1. an imaginary point directly “above” a particular location, on the imaginary celestial sphere. “Above” means in the vertical direction opposite to the apparent gravitational force at that location. The opposite direction, i.e. the direction in which the gravitational force pulls, is toward the nadir. The term zenith is sometimes used to refer to the highest point reached by a celestial body during its apparent orbit around a given point of observation. The word “zenith” derives from the inaccurate reading of the Arabic expression سمت الرأس (samt ar-ra’s) meaning “direction of the head”/“path above the head”, by Medieval Latin scribes in the Middle Ages (during the 14th century), probably through Old Spanish. It was incorrectly reduced to ‘samt’ (“direction”) and imprecisely written as 'senit’/'cenit’ by those scribes.

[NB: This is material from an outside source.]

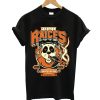 Raices T-Shirt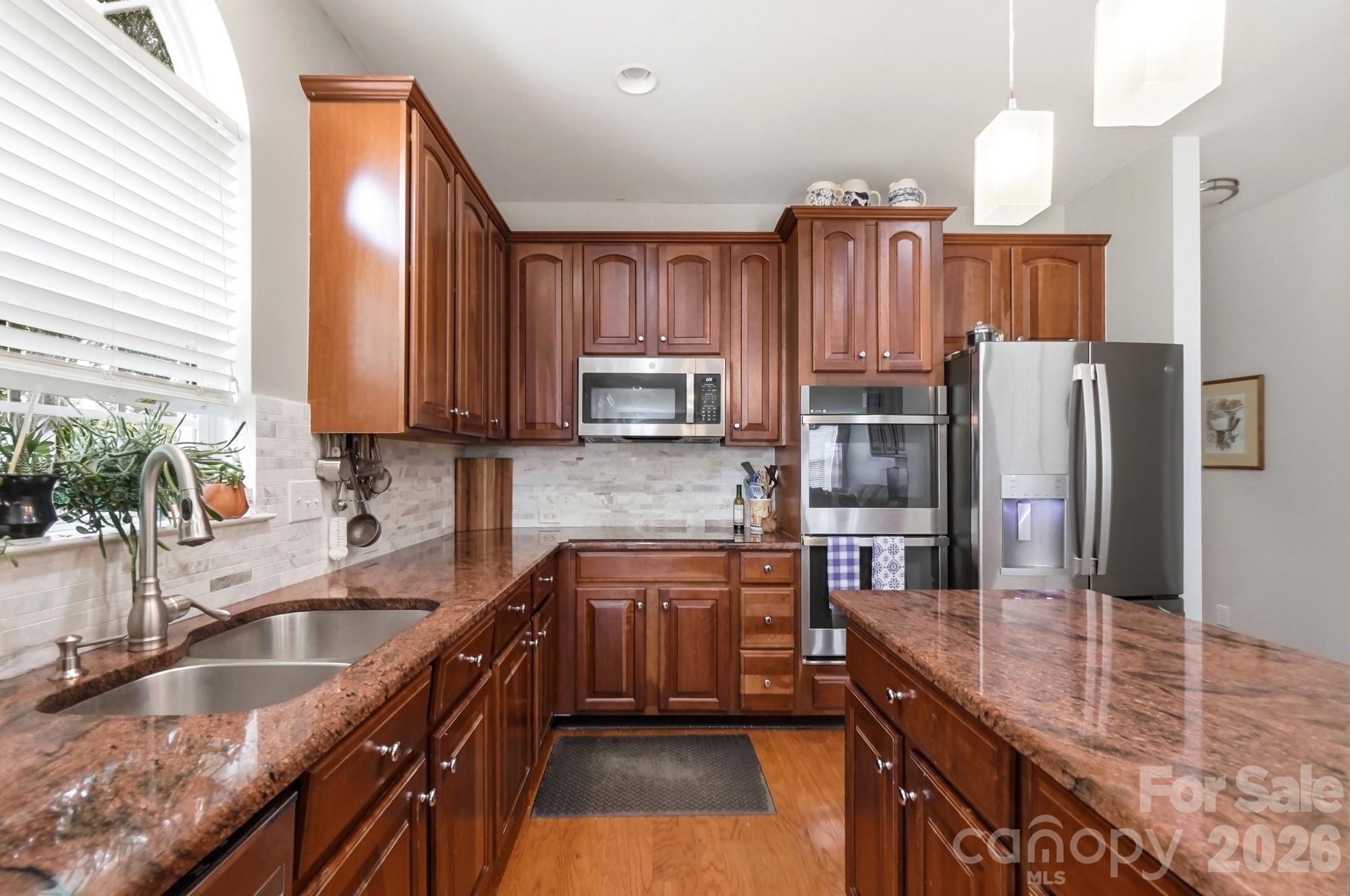 1111 Applegate Parkway — Waxhaw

Through Old French 'cenith’, Middle English 'senith’ and finally 'zenith’ first appears in the 17th century.

2. a highest point or state; culmination; to reach the highest point, summit, or highest development; to end or arrive at a final stage.

Etymology: from Middle English cenyth, from Mediaeval Latin cenit, a transliteration of Arabic سَمْت ‎(samt, “direction, path”) which is in itself a weak abbreviation of سَمْت الرَأْس ‎(samt ar-raʾs, “direction of the head”).